Prime Minister Mark Carney mounted a firm defense of his government’s economic policies in the House of Commons, facing a barrage of criticism from Conservative Leader Pierre Poilievre over whether Canada has officially slipped into a recession.
The high-stakes showdown during Question Period followed a newly released Statistics Canada report showing the national economy contracted by 1% in the final quarter of 2025, followed by a minor 0.1% annualized dip in the first quarter of 2026. While technically meeting the traditional threshold of a recession two back-to-back quarters of negative Gross Domestic Product (GDP) growth the razor-thin margins have sparked a fierce political and semantic battle on Parliament Hill.
Poilievre pressed the Prime Minister for a straightforward answer, accusing the Liberal government of trying to deflect from structural weaknesses by hiding behind definitions.
“We’ve had two consecutive declining quarters of GDP growth.
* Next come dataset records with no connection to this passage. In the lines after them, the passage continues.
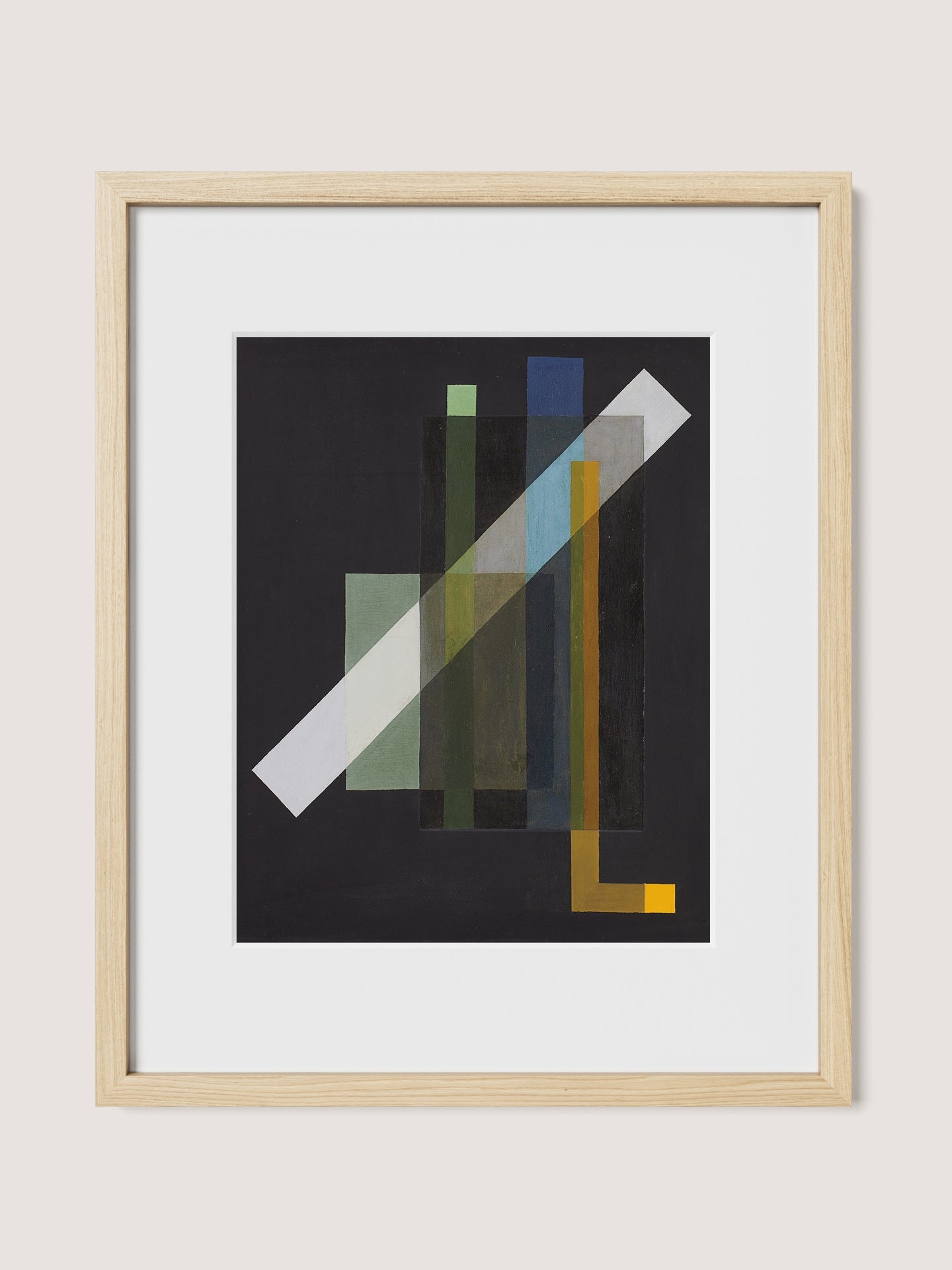 Abstract Construction on Black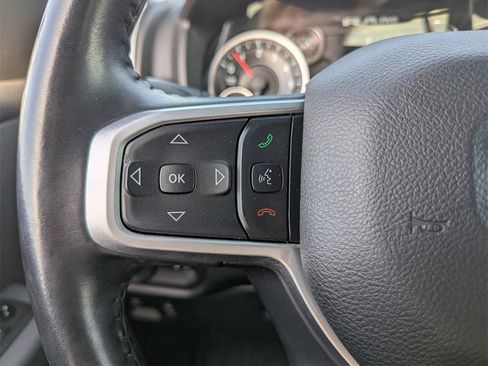 Used 2021 RAM 1500 Big Horn image 22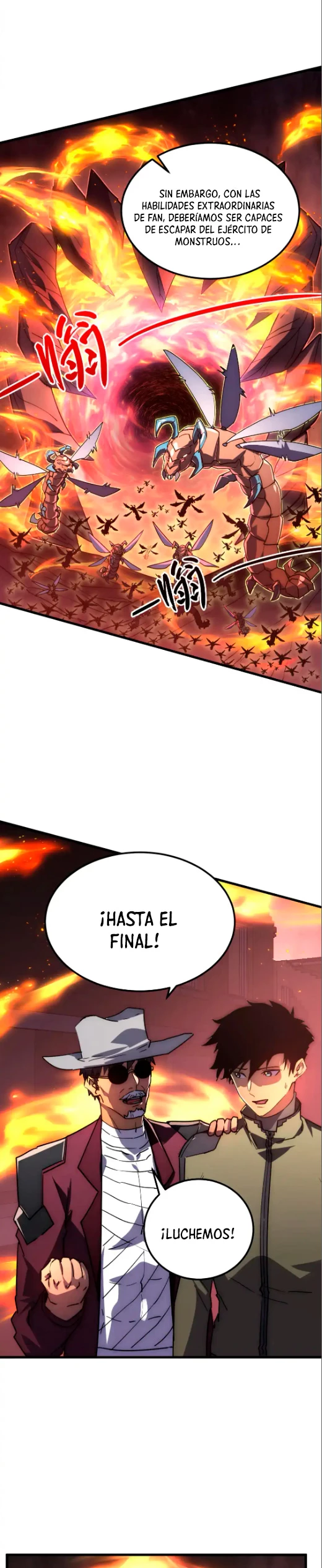 Levantate de los Escombros capítulo 226 página 16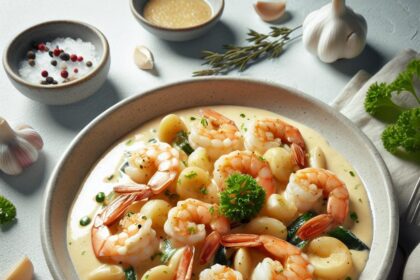 Savor the Flavor: The Ultimate Creamy Garlic Shrimp Guide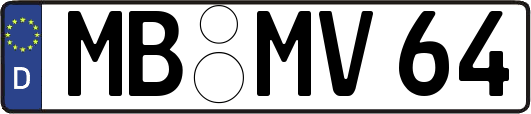 MB-MV64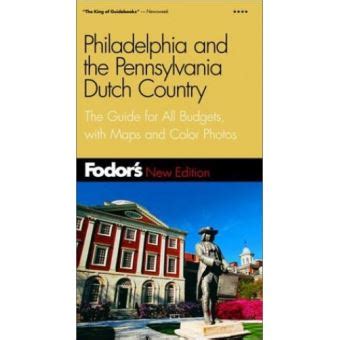 Fodors philadelphia and the pennsylvania dutch country 12th edition the guide for all budgets with maps and. - Brasil y las independencias de hispanoamérica.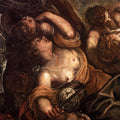 The Massacre of the Innocents (detail) 2 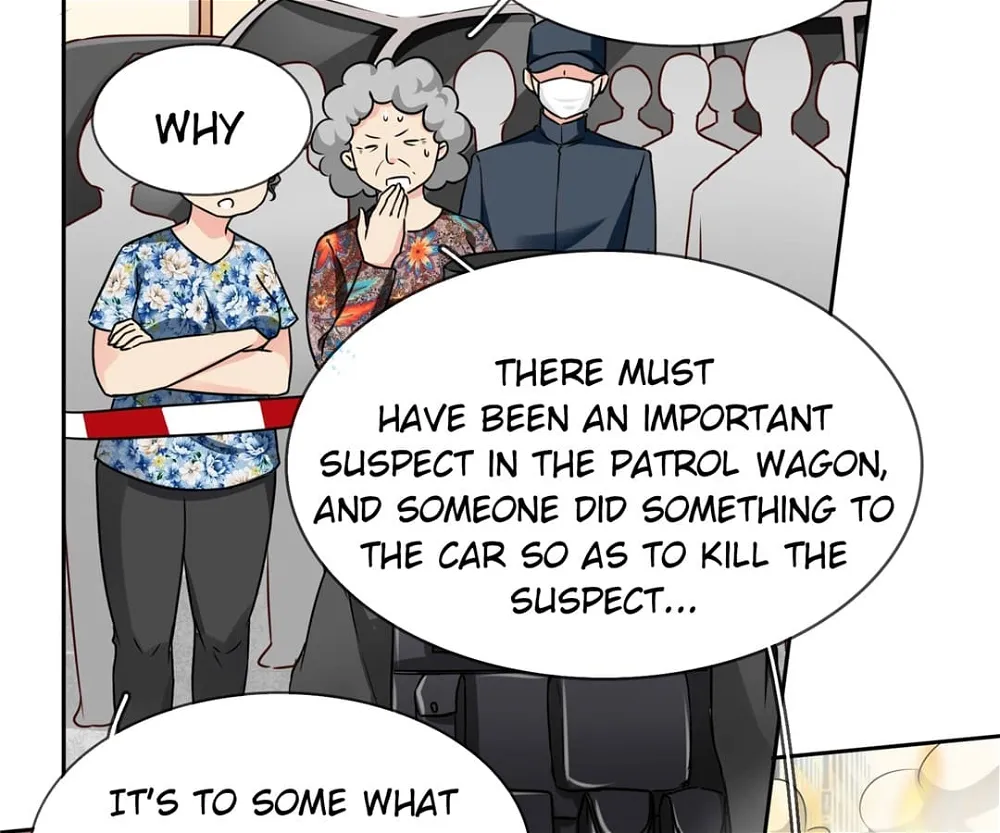 Who Is My Perfect Match? Chapter 22 - Page 3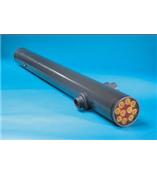 重金属废水回用膜，DF管式微滤膜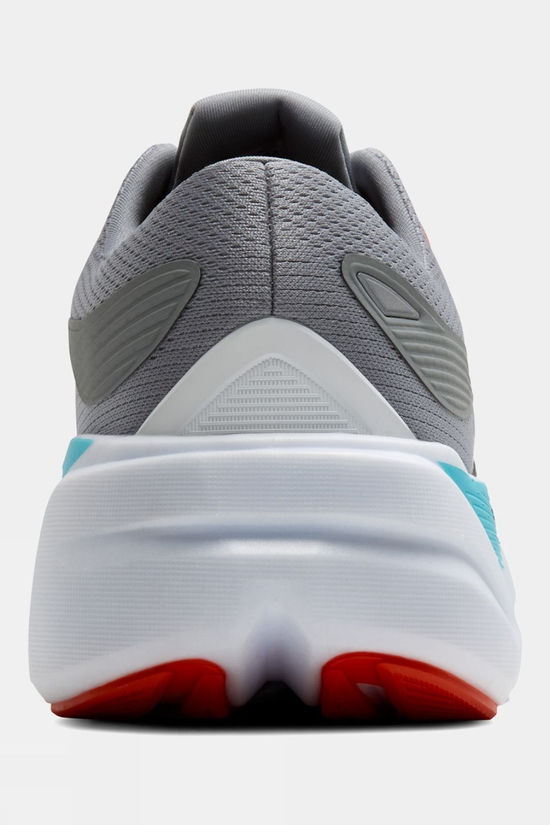 Brooks Mens Ghost Max 3 Shoes Primer Grey/Antarctica/Red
We are the only country in the G7 that can say that,” Poilievre stated, noting that the economy has shrunk in three of the last four quarters. “Will he tell us, are we in a recession or a technical recession? Which is it?”
The Tory leader pointed to localized economic pain across the country, citing job losses affecting 112,000 Canadians, a rising unemployment rate the second-worst in the G7 and an increase in food bank reliance. Poilievre, who previously sent a formal letter requesting an emergency parliamentary debate on the matter, argued that global pressures like inflation and tariffs are hitting every major economy, yet Canada remains uniquely vulnerable.
Carney, however, completely rejected the narrative of a systemic economic collapse. While acknowledging some recent “choppiness” in the data, the Prime Minister insisted his administration is systematically laying the foundations for a “stronger, more resilient, and more independent” economy.
Rather than focusing on past quarters, Carney highlighted a forward-looking June report from the Organisation for Economic Co-operation and Development (OECD). The report projects Canada will secure the second-highest economic growth rate in the G7 over the next two years, forecasting a recovery to 1.2% GDP growth later this year and 1.7% next year as the country shakes off the trade disruptions caused by recent U.S. tariffs.
The underlying data from Statistics Canada illustrates a complicated economic tug-of-war. National imports rose by 2.9%, propelled by heavy demands for metal products and scrap metal, while automotive exports experienced a minor dip. Business investment inside the machinery and equipment sectors, however, jumped by 10%, a metric Carney used to demonstrate corporate confidence in Canada’s long-term trajectory.
Independent economists remain divided on how severely to interpret the current downturn. Some analysts argue that specific, volatile factors such as fluctuations in international gold imports distort the headline numbers, masking steady domestic activity. Others caution that despite strong international investment inflows, the combination of diminished household savings and persistent trade friction with the United States represents genuine cause for concern.
The domestic political dispute even caught the eye of U.S. President Donald Trump, who used the news of Canada’s economic slowdown to repeat his provocative rhetoric suggesting Canada should integrate into the United States as its “51st state.”
With the Conservatives demanding a legislative overhaul to roll back a decade of Liberal fiscal policies, and the government doubling down on infrastructure and defense spending to stimulate future growth, the debate over Canada’s financial health is set to dominate the floor of Parliament for weeks to come.